Gascón only seeking professional courtesy in appeal to Arpaio for notification before illegal immigrant sweeps

Tribune Editorial

 Mesa Police Chief George Gascón isn’t telling Maricopa County Sheriff Joe Arpaio to stay out of his city. Gascón isn’t suggesting that he will somehow interfere with the sheriff’s “crime suppression” sweeps targeting illegal immigrants, even though Gascón has made clear he disapproves of Arpaio’s tactics.

But Gascón does expect Arpaio to be a professional. And professionals set aside their personal feuds and public disagreements to work together in reducing crime, preventing civil unrest and protecting the deputies and police officers under their commands.

Gascón sent a letter to Arpaio last week requesting that the sheriff’s office coordinate with the Mesa Police Department when conducting high-intensity sweeps that involve large numbers of deputies and volunteer posse members saturating an area and looking for any legal excuse to question people about their residency status.

The letter sets out some specifics — Gascón wants to be notified at least two days before a sheriff’s office sweep begins inside Mesa’s jurisdiction. And he wants a ranking Mesa officer to sit with sheriff’s commanders at whatever central location is used to manage a Mesa operation.

The fact that Gascón had to even send such a letter demonstrates the strain in relations between the Mesa police and the sheriff’s office. Arpaio noted in a story Thursday by Tribune writer Katie McDevitt that it’s standard practice for outside law enforcement agencies to share information when they go on special operations in a local police force’s jurisdiction.

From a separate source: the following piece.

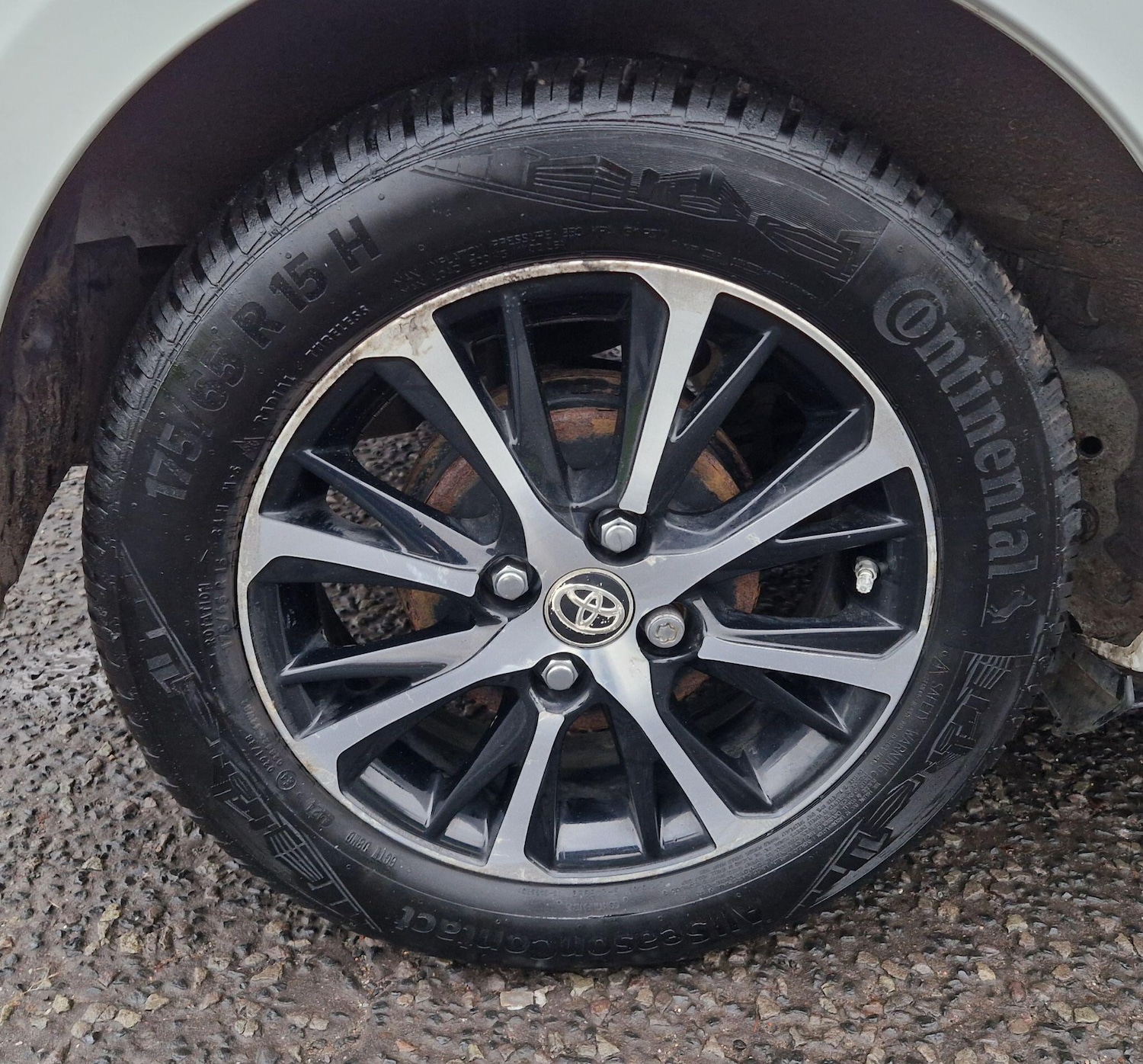 Used Toyota Yaris 2019 for sale - 77060143: Photo 12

Such coordination prevents officers from one agency mistaking another set of officers as criminals and avoids possible deaths or injury by friendly fire. But Gascón also has to worry about the dueling protests that have trailed the sheriff’s activities in Phoenix and Guadalupe. Emotions run high when the topic is illegal immigration and extremists from both sides have turned out before.

Gascón rightly doesn’t want Arpaio to wait until the last possible minute to make a phone call or to send an e-mail, giving Mesa police no time to put officers in place to keep the streets safe and to help any sheriff’s deputies who might encounter trouble.

Arpaio says he he’s acting in a professional manner in removing illegal immigrants. If that’s true, he’ll respect the need of the Mesa police to be properly briefed before the sheriff’s office rides into the city.